A cogent and concise tracing of economic events since it all began 10,000 years ago
History is all about wars and kings and destruction. Economics is always about inflation and growth. How does one then narrate economic history? The subject can be a drag and it is difficult to maintain interest as we are dealing with centuries of events and developments. This is where Philip Coggan achieves the impossible by weaving a superb story of the 10,000-year rise of the world economy in around 380 pages. Being a journalist with Financial Times and The Economist gives him a head start. When you get to know that he had authored the columns Bartleby and Buttonwood, which cover niche subjects, it seems natural that the end product is brilliant.
This story has been told in various chapters, starting from the basics of how economics developed in primitive times, beginning with trade which needed a government to maintain law, to the evolution of finance to facilitate transactions. From these basics he traces the evolution process covering various phases in short chapters. There are 18 chapters that span the entire time period from the ancient economy right to the present times. The need for agriculture and the quest for energy have been the building blocks of this economic journey, with manufacturing taking the cake in terms of innovation.
Globalisation, which is spoken of a lot these days, is not really new, and existed in various forms as early as 1820, right up to the World War. The charm of this book is that one can start anywhere, and the reviewer actually started from the back. The Lehman crisis has been described succinctly in a couple of pages where one learns about how it started and how policy makers reacted. In a few paragraphs the author takes us through the contagion in Europe, with the property crisis in Ireland providing the start, which then went across to the PIGS Group. Interestingly, while we normally associate MBS (mortgage backed securities) as the starting point of the financial crisis, the first transaction was undertaken as far back as in 1970 by Ginnie Mae.

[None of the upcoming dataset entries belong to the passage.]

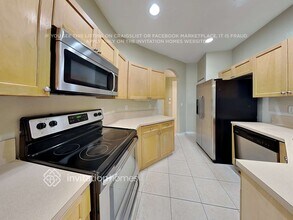 1159 Sweet Violet Ct, Unit 123 in West Palm Beach, FL - Foto de edificio - Building Photo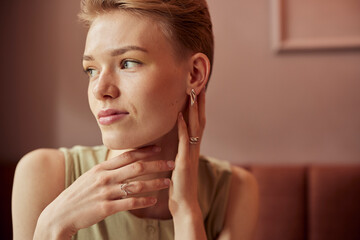Portrait of a thoughtful short-haired woman in a cafe wearing delicate jewelry and soft lighting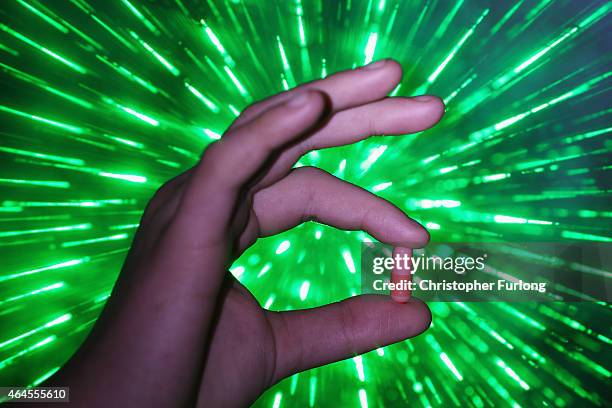 Youth holds a 'Legal High' chemical pill on February 26, 2015 in Manchester, England. There has been a significant rise in the use of Legal Highs...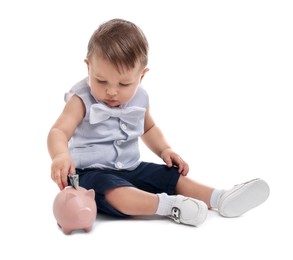 Photo of Little baby with money and piggybank on white background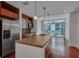 Modern kitchen with stainless steel appliances, island with sink and a sliding door to the balcony at 111 N 12Th St # 1614, Tampa, FL 33602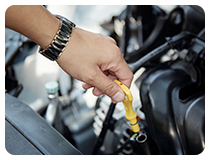 Person checking engine oil with dipstick in car, symbolizing Gulf Way’s reliable service and care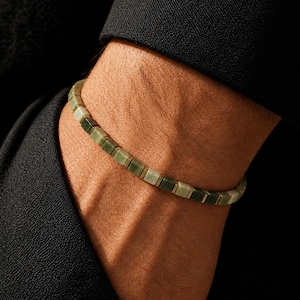 May include: A bracelet composed of small, square-shaped beads in varying shades of sage and forest green. The beads are arranged in a continuous line, separated by thin, metallic-toned spacers, creating a uniform and structured appearance.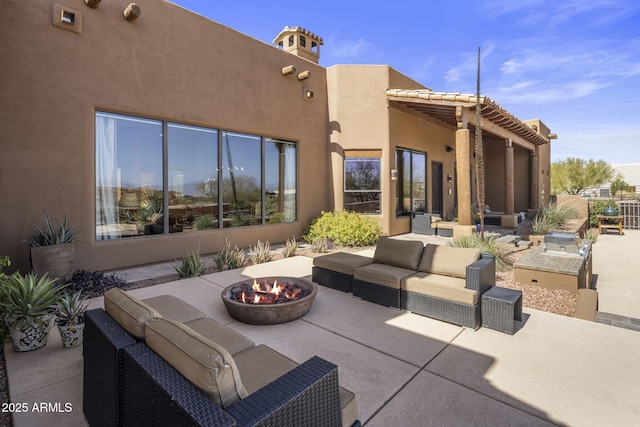 view of patio / terrace with an outdoor living space with a fire pit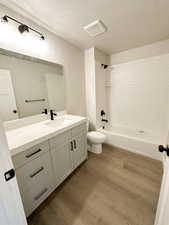 Full bath featuring tub / shower combination, dark wood-type flooring, vanity, and a textured ceiling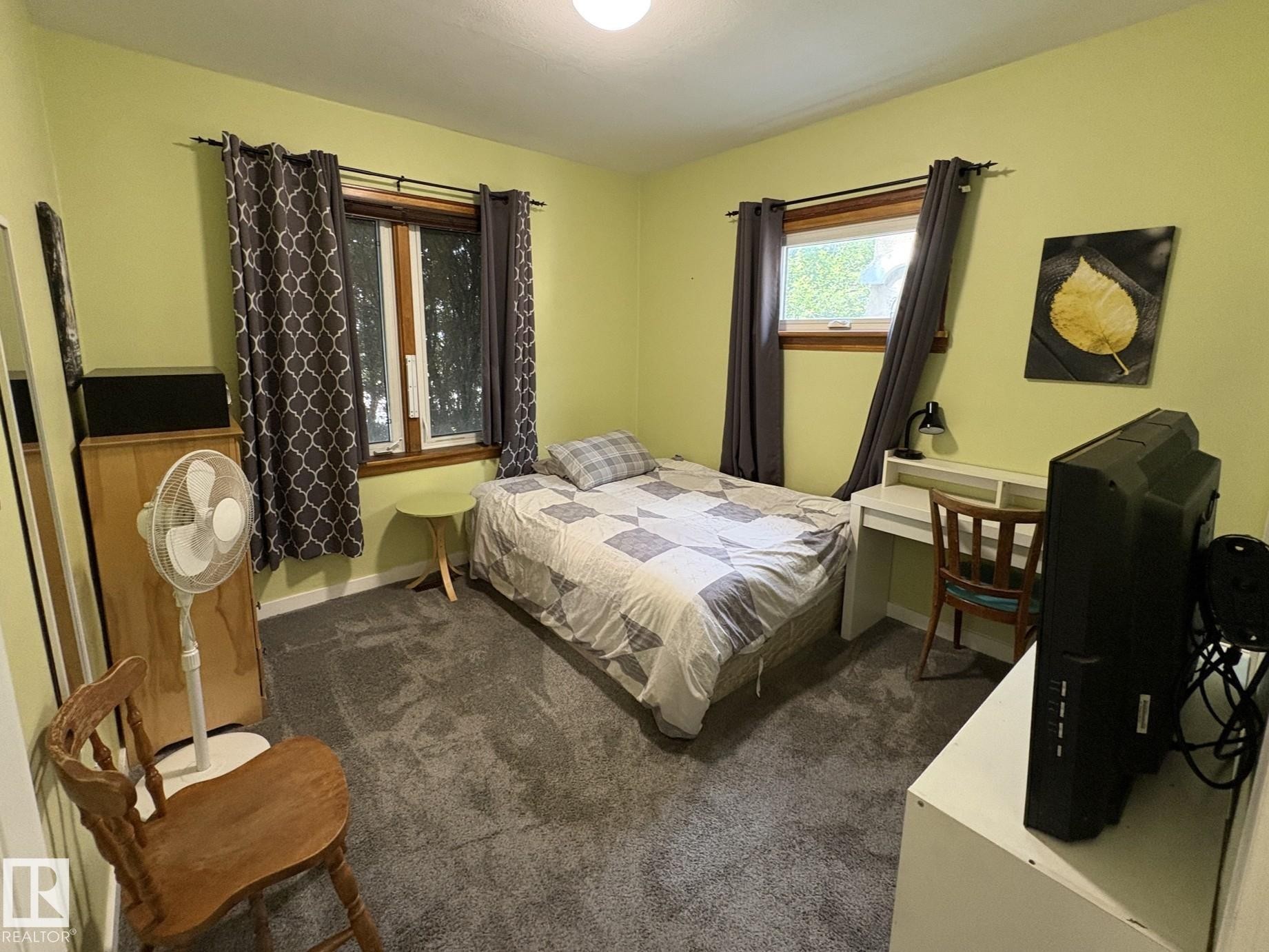 Carpeted room featuring two windows with wood trim, a built-in light fixture, and light-toned walls - 11511 101 Street, Edmonton, AB
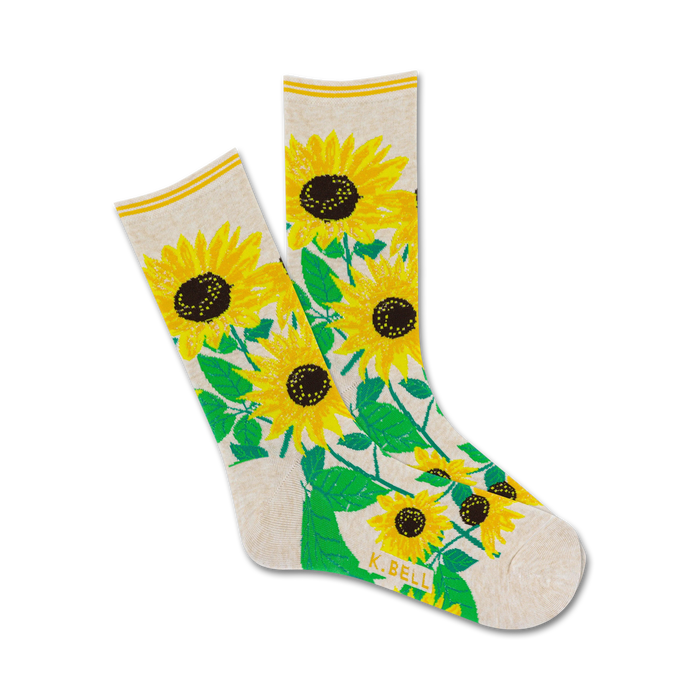 Cream crew socks featuring a cheerful design of yellow sunflowers and green leaves. A great way to brighten up your day! }}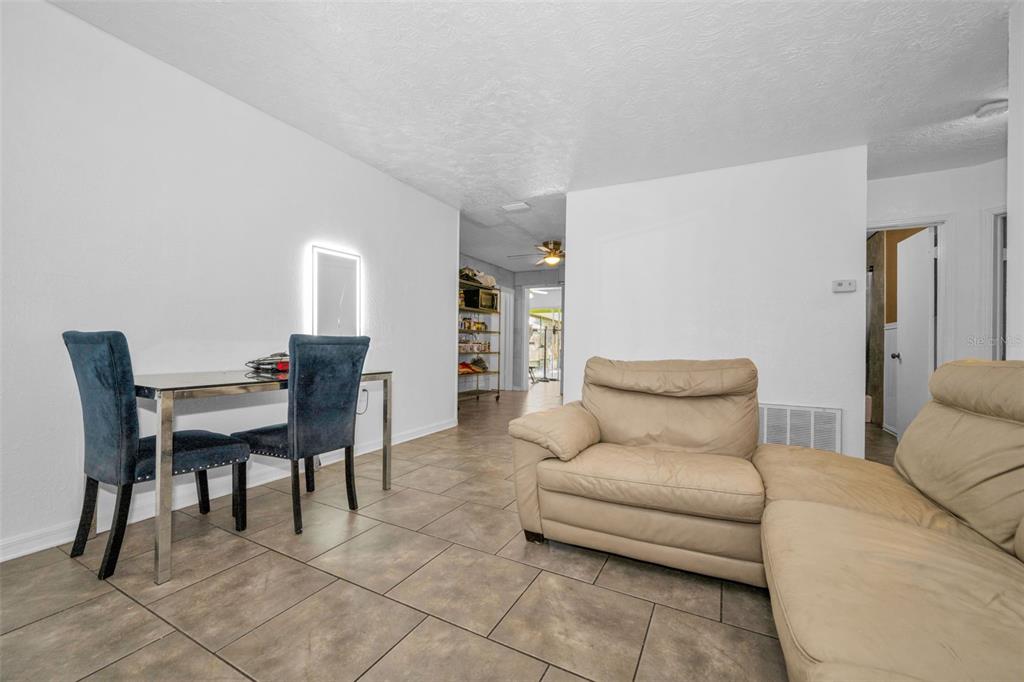 6126 Tennessee Avenue New Port Richey, FL 34653 - Photo 8 of 28 a living room with furniture a desk and chair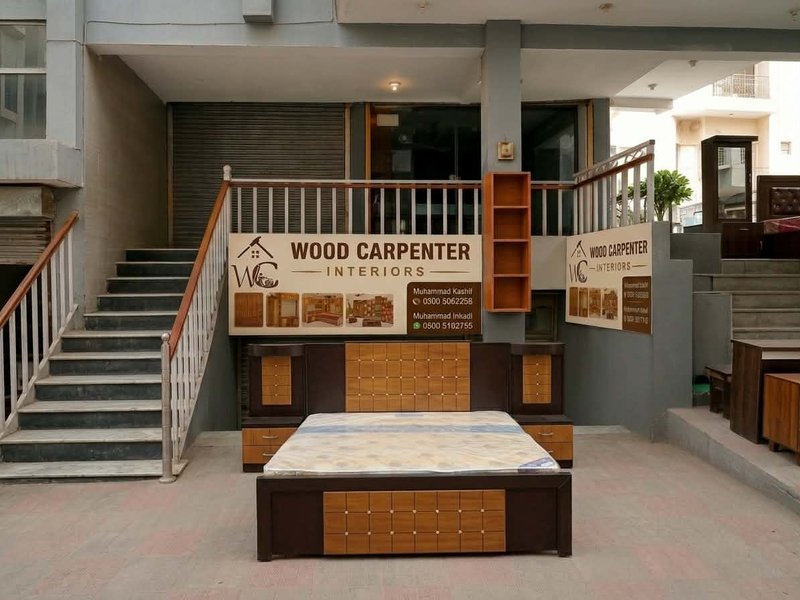 Bed frame with marble-effect headboard on display at showroom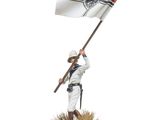 statue of a man holding a flag on a wooden base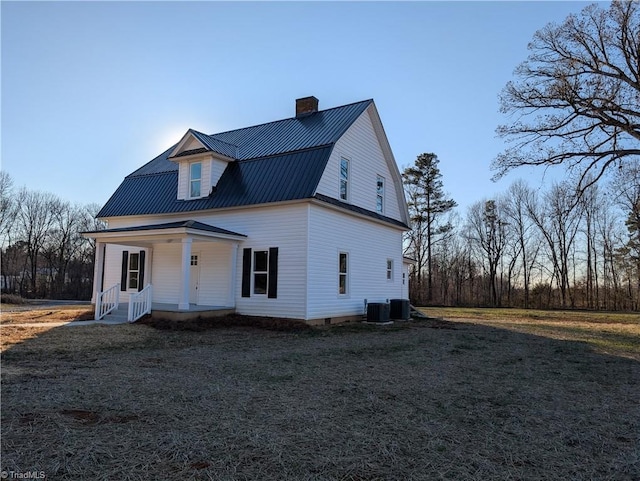 view of front facade featuring a porch, a front yard, and central AC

This way Coggan manages to be to the point when explaining or describing events and uses the advantage of being a journalist to not meander off course. Just like how columns in newspapers and magazines have to be within a world count of 800 or 1,000, the chapters stick to this norm and ensure that one never loses track of the subject.
He has special focus on the 1979-2007 period, which is when the world saw the biggest changes. China was led by Deng Xiaoping which overturned the model of Mao to what it is today with the blended economy approach. The Iran crisis brought about a leadership change in USA that was a turning point as Ronald Regan brought in the ‘less government’ doctrine that was pursued in England and later spread to the other nations. The bringing down of the Berlin Wall and the disintegration of the USSR were turning points as communism disappeared, or almost did, and markets opened up. India, too, came into the frame with liberalisation, as also the concept of the Asian tigers as rapid growth took place across the world—the great moderation as it was called.
He also traces the history of central banks that not just talks of the institutions but also the evolution of money, from the barter system to metals to currency and finally digital money. This is an interesting chapter for sure. Another one talks of the importance of a government and the common refrain is that it is an impediment once it crosses the domain of preservation of law and order. But he points out that it is indispensable, especially since everything that happens in the private economy is dependent on the state—it provides education, health, welfare, infrastructure to all, without which enterprise cannot move. Without being judgmental on what the role of the state should be, he provides a refreshing perspective.
An issue he puts on the table that will make us think is technology. We have had two rounds of technology revolution. The first was in terms of physical products— steam engine, power, aircrafts, ships, machines and so on. The second one today is IT-based. Without really getting into a debate, he makes some comparison on which has been more effective. We may pitch for the second, but his point is that productivity levels are lower today than they were during the first round of the technology revolution. While we have more information, better communication, newer forms of entertainment today, we may not be more productive. This makes sense when we think deeply as he gives an example of a current office environment where we may be surfing lots of stuff and spending time on things which are not part of our job!
More is a must read for anyone interested in the evolution of economies. It is easy to read and grasp and it is amazing how centuries of stories have been covered in one very readable and engaging volume.